Embodiment 29: Any of embodiments 23-27, wherein each of the eight nucleosides of said modified oligonucleotide comprises an independently selected 2'-O-(N-alkylacetamide) modified sugar moiety oligomeric compounds of.

Embodiment 30: Any of embodiments 23-27, wherein each of the nine nucleosides of the modified oligonucleotide comprises an independently selected 2'-O-(N-alkylacetamide) modified sugar moiety oligomeric compounds of.

Embodiment 31: Any of embodiments 23-27, wherein each of the ten nucleosides of the modified oligonucleotide comprises an independently selected 2'-O-(N-alkylacetamide) modified sugar moiety oligomeric compounds of.

Embodiment 32: Any of embodiments 23-27, wherein each of the 11 nucleosides of the modified oligonucleotide comprises an independently selected 2'-O-(N-alkylacetamide) modified sugar moiety oligomeric compounds of.
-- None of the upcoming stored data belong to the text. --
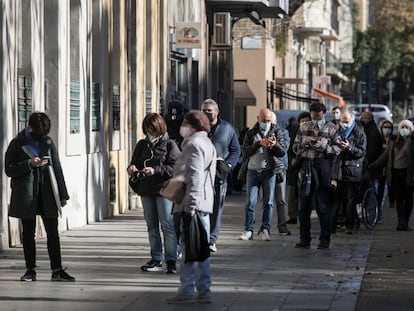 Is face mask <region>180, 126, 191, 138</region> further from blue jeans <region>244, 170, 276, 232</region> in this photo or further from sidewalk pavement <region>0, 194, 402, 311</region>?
blue jeans <region>244, 170, 276, 232</region>

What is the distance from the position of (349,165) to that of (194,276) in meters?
8.24

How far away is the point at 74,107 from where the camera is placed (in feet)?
68.0

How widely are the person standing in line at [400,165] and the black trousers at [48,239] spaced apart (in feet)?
31.1

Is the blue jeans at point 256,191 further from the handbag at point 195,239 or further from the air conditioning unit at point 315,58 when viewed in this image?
the air conditioning unit at point 315,58

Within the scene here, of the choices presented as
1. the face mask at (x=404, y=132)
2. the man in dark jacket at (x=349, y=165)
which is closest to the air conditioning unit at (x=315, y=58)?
the face mask at (x=404, y=132)

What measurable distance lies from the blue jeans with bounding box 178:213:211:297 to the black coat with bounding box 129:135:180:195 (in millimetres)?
1939

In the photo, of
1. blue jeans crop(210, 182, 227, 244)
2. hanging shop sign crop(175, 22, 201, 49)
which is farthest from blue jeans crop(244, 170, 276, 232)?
hanging shop sign crop(175, 22, 201, 49)

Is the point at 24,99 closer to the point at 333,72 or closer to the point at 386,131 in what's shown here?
the point at 386,131

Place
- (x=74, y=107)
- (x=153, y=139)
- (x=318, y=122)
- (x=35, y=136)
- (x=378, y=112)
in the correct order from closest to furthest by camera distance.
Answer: (x=35, y=136), (x=153, y=139), (x=318, y=122), (x=74, y=107), (x=378, y=112)

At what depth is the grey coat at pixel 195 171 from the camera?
1215cm

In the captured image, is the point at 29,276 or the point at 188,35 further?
the point at 188,35

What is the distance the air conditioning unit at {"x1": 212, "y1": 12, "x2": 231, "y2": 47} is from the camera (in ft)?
119

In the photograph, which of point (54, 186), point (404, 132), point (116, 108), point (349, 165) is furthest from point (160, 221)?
point (116, 108)

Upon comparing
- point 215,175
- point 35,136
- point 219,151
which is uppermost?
point 35,136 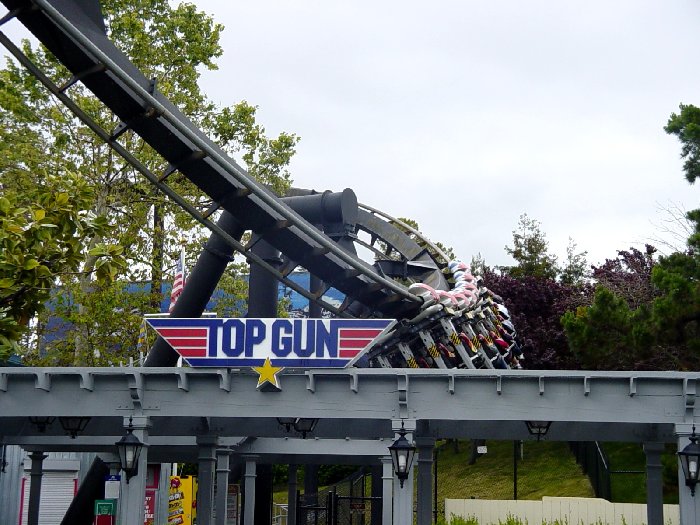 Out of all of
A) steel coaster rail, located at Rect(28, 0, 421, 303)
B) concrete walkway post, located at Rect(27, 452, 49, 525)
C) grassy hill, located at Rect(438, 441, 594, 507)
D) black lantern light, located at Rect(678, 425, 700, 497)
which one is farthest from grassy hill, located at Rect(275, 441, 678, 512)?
black lantern light, located at Rect(678, 425, 700, 497)

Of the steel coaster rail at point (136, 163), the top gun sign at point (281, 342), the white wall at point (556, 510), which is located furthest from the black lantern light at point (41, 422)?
the white wall at point (556, 510)

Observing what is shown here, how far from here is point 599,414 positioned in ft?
64.4

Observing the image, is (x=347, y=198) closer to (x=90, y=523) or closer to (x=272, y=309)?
(x=272, y=309)

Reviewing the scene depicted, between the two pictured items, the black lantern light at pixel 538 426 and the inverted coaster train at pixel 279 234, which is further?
the inverted coaster train at pixel 279 234

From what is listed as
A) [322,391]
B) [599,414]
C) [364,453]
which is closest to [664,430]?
[599,414]

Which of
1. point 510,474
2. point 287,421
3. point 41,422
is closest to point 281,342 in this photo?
point 287,421

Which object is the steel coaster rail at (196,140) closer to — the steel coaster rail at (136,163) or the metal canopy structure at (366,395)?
the steel coaster rail at (136,163)

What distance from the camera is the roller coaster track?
82.1ft

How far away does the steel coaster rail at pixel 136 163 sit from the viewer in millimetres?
25080

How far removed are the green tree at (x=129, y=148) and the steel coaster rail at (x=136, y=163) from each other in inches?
358

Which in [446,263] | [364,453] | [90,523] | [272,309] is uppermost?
[446,263]

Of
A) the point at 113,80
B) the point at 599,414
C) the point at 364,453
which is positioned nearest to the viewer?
the point at 599,414

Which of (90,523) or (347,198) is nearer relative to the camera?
(90,523)

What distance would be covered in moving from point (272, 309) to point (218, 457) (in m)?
6.51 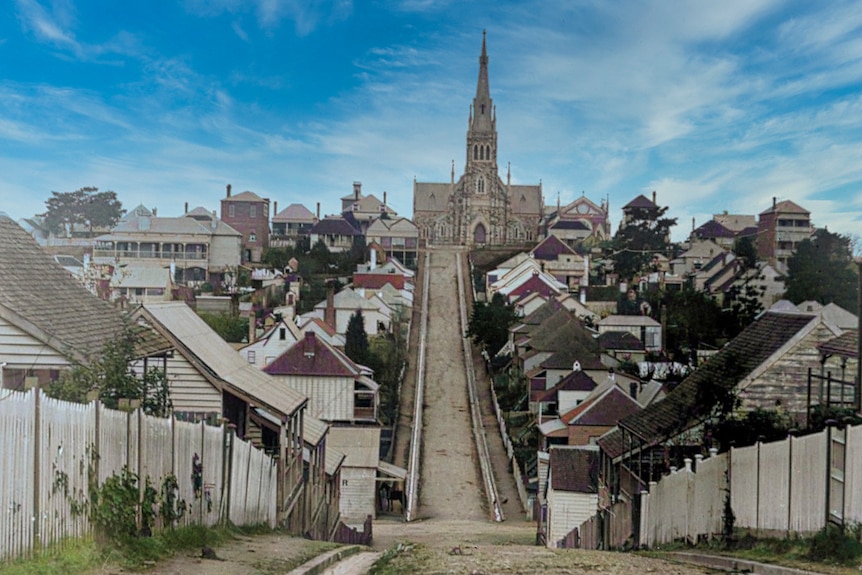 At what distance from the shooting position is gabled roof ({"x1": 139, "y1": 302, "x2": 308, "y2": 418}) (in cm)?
1681

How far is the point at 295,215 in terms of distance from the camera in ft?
401

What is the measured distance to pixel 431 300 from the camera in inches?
3300

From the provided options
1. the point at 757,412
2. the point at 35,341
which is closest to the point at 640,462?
the point at 757,412

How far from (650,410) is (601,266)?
Result: 74.5 m

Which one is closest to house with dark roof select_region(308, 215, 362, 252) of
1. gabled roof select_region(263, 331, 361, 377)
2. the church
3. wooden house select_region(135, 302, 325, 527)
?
the church

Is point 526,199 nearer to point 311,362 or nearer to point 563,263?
point 563,263

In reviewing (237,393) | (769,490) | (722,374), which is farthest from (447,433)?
(769,490)

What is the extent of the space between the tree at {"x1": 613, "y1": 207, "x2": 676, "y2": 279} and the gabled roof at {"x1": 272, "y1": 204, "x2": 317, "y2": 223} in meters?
42.8

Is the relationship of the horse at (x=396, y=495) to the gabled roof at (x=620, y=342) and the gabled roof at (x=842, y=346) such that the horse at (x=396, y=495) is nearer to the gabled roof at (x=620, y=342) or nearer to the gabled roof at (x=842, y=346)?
the gabled roof at (x=842, y=346)

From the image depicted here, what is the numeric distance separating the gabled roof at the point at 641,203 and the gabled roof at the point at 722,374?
80.0 m

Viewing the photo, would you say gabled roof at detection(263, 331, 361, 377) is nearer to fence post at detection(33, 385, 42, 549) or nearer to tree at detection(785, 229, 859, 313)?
tree at detection(785, 229, 859, 313)

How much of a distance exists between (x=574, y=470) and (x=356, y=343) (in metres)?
28.3

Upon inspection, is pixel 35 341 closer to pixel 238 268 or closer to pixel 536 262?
pixel 238 268

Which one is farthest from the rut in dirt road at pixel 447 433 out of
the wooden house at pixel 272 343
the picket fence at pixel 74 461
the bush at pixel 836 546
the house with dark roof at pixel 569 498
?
the bush at pixel 836 546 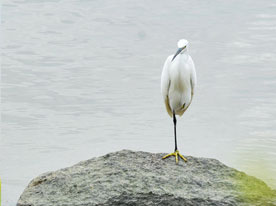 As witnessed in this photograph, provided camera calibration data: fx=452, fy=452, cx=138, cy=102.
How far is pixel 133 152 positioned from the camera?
221 inches

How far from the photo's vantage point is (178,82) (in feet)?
19.1

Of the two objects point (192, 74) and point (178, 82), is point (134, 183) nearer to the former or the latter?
point (178, 82)

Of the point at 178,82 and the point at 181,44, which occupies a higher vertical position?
the point at 181,44

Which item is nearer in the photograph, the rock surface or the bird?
the rock surface

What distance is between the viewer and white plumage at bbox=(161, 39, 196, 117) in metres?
5.79

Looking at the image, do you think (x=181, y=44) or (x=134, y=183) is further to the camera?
(x=181, y=44)

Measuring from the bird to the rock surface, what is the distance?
1.22 feet

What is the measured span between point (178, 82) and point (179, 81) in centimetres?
2

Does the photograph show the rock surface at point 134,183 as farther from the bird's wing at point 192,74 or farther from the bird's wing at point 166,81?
the bird's wing at point 192,74

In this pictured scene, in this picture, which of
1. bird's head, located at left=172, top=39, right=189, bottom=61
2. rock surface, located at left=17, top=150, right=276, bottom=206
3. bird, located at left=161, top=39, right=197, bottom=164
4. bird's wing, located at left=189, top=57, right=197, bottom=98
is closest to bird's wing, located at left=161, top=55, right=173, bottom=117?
bird, located at left=161, top=39, right=197, bottom=164

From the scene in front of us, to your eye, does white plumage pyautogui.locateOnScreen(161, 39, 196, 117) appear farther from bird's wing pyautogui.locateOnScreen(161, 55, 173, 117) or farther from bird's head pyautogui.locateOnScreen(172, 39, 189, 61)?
bird's head pyautogui.locateOnScreen(172, 39, 189, 61)

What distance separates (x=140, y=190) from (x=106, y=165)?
2.06ft

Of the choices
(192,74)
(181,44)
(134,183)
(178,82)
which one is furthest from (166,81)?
(134,183)

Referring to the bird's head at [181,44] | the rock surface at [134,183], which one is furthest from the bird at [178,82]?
the rock surface at [134,183] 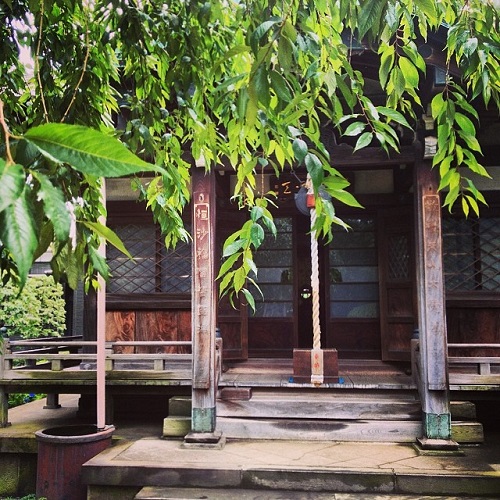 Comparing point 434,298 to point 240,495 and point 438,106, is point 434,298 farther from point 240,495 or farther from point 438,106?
point 438,106

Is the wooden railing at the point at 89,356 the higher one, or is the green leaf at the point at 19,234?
the green leaf at the point at 19,234

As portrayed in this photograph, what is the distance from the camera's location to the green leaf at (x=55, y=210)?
97 centimetres

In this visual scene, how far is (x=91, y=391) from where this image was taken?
789cm

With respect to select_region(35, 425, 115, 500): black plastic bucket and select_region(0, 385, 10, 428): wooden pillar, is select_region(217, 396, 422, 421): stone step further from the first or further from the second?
select_region(0, 385, 10, 428): wooden pillar

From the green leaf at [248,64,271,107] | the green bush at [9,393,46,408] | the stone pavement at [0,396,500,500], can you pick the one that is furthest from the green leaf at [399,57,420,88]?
the green bush at [9,393,46,408]

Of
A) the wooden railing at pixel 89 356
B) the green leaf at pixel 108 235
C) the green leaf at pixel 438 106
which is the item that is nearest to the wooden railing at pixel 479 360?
the wooden railing at pixel 89 356

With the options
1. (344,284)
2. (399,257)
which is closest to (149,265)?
(344,284)

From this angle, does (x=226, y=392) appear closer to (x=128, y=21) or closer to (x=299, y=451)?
(x=299, y=451)

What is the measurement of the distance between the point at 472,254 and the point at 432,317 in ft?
7.42

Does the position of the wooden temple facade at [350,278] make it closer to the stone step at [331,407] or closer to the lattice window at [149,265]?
the lattice window at [149,265]

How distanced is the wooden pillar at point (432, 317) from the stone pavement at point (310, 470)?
392 millimetres

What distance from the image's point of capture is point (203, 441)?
6508 millimetres

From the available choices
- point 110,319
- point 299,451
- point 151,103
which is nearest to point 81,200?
point 151,103

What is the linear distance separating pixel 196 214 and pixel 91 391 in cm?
316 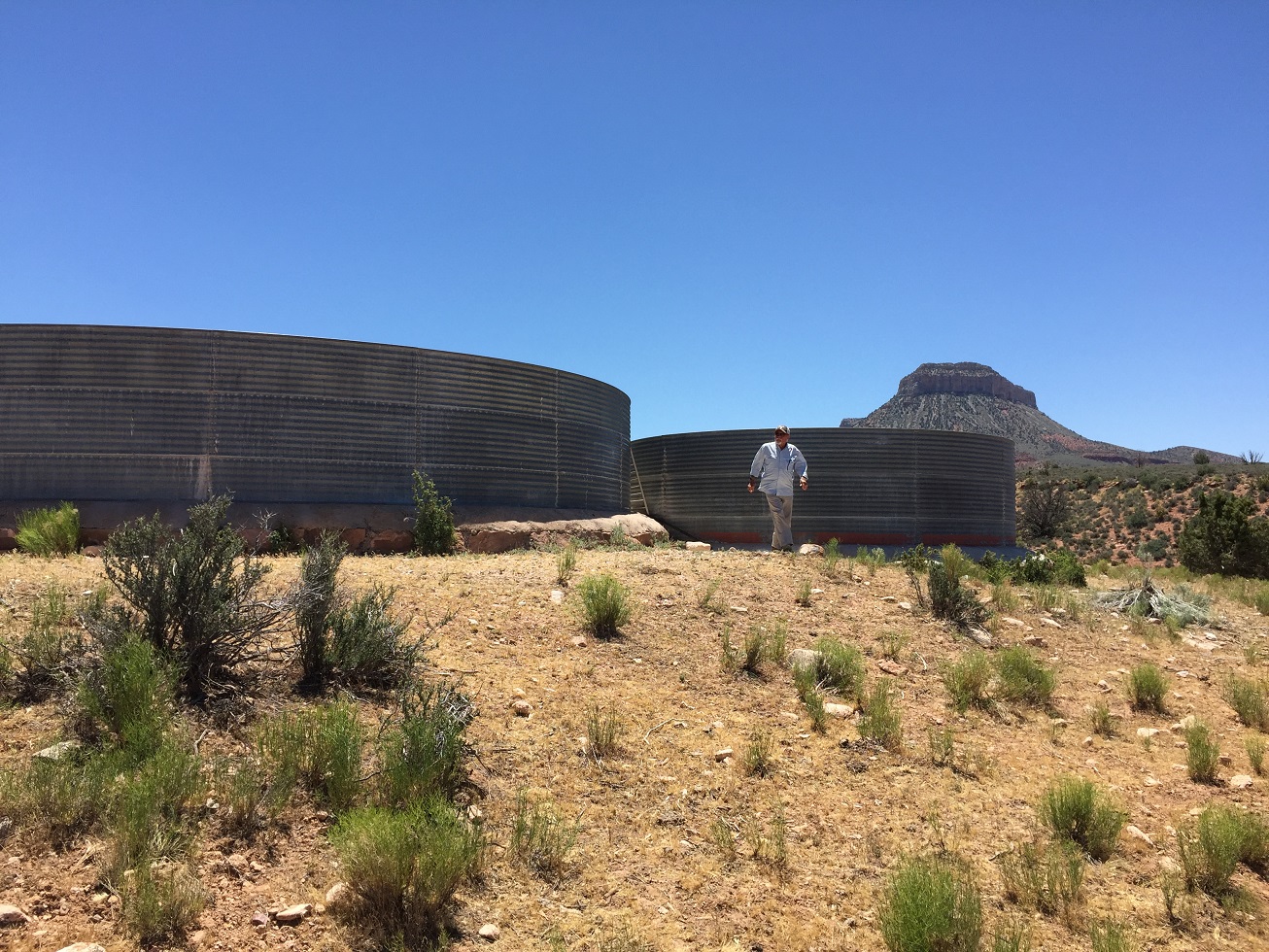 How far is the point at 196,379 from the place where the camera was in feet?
42.3

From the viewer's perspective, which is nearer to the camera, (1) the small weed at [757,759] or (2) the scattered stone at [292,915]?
(2) the scattered stone at [292,915]

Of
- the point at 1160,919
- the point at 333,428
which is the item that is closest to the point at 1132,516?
the point at 333,428

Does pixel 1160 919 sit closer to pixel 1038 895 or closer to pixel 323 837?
pixel 1038 895

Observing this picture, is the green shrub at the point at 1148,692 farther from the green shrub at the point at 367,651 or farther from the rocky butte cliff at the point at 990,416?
the rocky butte cliff at the point at 990,416

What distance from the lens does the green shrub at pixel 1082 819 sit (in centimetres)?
514

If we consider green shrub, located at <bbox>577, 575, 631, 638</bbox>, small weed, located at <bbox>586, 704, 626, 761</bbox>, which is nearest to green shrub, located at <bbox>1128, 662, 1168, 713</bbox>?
green shrub, located at <bbox>577, 575, 631, 638</bbox>

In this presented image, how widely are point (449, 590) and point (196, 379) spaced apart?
679 cm

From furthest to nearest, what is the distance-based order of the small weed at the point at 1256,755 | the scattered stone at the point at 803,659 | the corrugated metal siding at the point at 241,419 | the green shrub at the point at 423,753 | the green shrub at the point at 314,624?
the corrugated metal siding at the point at 241,419 < the scattered stone at the point at 803,659 < the small weed at the point at 1256,755 < the green shrub at the point at 314,624 < the green shrub at the point at 423,753

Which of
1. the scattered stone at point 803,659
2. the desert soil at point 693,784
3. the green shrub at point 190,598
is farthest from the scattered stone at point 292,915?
the scattered stone at point 803,659

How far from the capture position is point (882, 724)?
641cm

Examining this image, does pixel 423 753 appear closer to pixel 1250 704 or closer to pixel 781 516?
pixel 1250 704

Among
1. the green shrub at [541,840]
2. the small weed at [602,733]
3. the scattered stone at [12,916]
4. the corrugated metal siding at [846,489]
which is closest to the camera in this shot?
the scattered stone at [12,916]

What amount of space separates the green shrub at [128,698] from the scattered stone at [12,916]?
1.09 metres

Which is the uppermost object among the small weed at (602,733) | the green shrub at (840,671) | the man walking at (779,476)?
the man walking at (779,476) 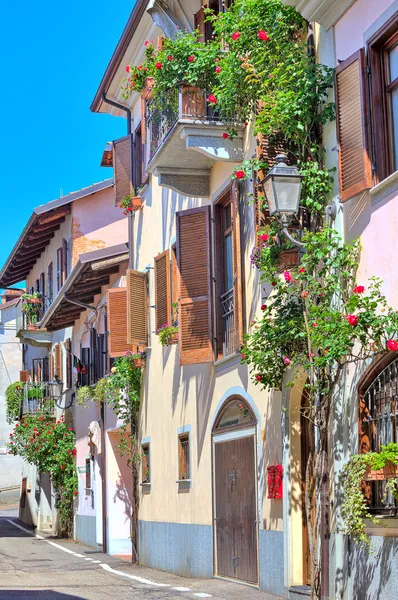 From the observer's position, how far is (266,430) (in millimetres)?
12180

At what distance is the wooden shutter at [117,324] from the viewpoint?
19.5 m

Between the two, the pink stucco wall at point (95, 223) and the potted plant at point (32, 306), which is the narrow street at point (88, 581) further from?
the potted plant at point (32, 306)

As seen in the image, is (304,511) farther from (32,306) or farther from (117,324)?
(32,306)

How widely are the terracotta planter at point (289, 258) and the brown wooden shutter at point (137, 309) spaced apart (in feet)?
26.6

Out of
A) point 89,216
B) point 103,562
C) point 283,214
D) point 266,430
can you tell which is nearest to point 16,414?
point 89,216

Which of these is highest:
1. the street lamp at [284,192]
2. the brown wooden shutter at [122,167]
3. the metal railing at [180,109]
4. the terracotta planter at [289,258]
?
the brown wooden shutter at [122,167]

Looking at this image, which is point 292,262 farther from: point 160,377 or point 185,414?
point 160,377

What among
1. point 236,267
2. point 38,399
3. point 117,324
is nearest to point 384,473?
point 236,267

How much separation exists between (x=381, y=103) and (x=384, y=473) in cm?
328

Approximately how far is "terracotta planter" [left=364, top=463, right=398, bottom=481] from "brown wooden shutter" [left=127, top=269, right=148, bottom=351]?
10000 millimetres

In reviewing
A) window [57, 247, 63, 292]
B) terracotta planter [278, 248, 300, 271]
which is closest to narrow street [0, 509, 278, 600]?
terracotta planter [278, 248, 300, 271]

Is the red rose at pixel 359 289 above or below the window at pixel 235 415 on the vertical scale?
above

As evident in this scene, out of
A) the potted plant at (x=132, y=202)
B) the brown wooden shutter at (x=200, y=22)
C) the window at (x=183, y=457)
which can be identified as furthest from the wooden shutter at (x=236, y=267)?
the potted plant at (x=132, y=202)

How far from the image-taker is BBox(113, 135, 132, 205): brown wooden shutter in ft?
65.9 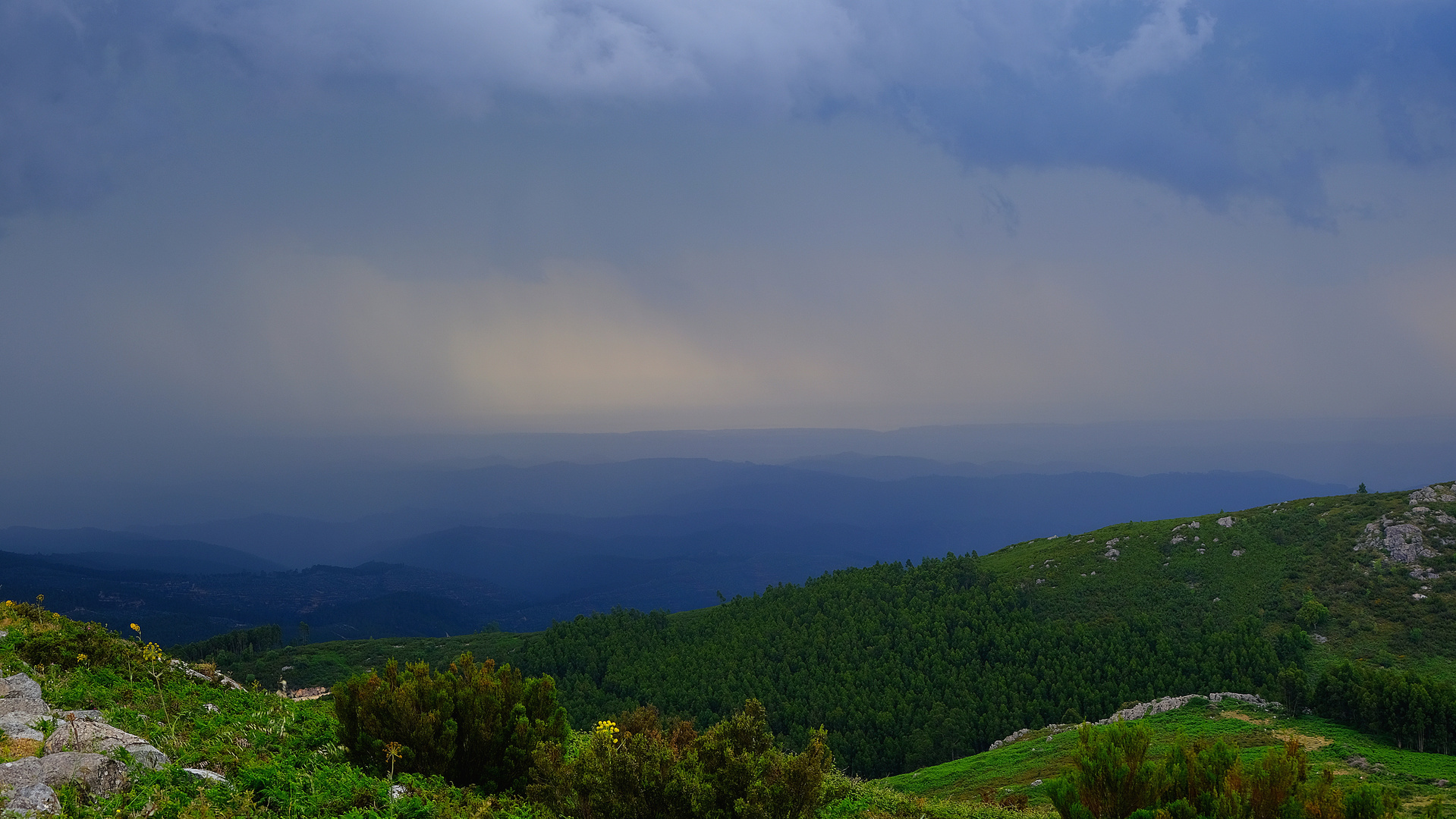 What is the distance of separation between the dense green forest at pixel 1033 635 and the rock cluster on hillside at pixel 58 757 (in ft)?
168

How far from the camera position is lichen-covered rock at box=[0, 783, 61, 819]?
777cm

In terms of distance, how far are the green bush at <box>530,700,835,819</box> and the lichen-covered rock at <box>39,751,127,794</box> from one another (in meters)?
5.31

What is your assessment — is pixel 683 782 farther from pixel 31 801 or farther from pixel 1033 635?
pixel 1033 635

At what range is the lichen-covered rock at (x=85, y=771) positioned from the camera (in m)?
8.55

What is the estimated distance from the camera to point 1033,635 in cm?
6906

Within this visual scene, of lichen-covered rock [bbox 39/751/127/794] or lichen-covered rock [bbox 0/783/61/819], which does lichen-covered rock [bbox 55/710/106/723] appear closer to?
lichen-covered rock [bbox 39/751/127/794]

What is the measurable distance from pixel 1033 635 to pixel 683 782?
69246 mm

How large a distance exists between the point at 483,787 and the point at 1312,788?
43.4 feet

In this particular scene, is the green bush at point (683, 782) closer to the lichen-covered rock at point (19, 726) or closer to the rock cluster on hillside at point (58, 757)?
the rock cluster on hillside at point (58, 757)

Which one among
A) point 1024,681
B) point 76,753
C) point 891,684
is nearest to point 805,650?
point 891,684

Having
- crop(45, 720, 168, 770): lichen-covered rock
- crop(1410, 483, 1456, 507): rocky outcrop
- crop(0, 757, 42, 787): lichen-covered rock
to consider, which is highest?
crop(0, 757, 42, 787): lichen-covered rock

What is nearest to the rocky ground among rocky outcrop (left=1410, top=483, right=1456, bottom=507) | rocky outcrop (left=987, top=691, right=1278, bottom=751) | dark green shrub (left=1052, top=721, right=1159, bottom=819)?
dark green shrub (left=1052, top=721, right=1159, bottom=819)

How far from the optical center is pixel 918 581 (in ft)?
291

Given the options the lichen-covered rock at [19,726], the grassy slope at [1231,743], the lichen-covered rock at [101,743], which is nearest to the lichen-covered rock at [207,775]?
the lichen-covered rock at [101,743]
Embodiment 33: According to any of embodiments 23-27, wherein each of the 12 nucleosides of said modified oligonucleotide comprises an independently selected 2'-O-(N-alkylacetamide) modified sugar moiety oligomeric compounds of.

Embodiment 34: Any of embodiments 23-27, wherein each of the 13 nucleosides of the modified oligonucleotide comprises an independently selected 2'-O-(N-alkylacetamide) modified sugar moiety oligomeric compounds of.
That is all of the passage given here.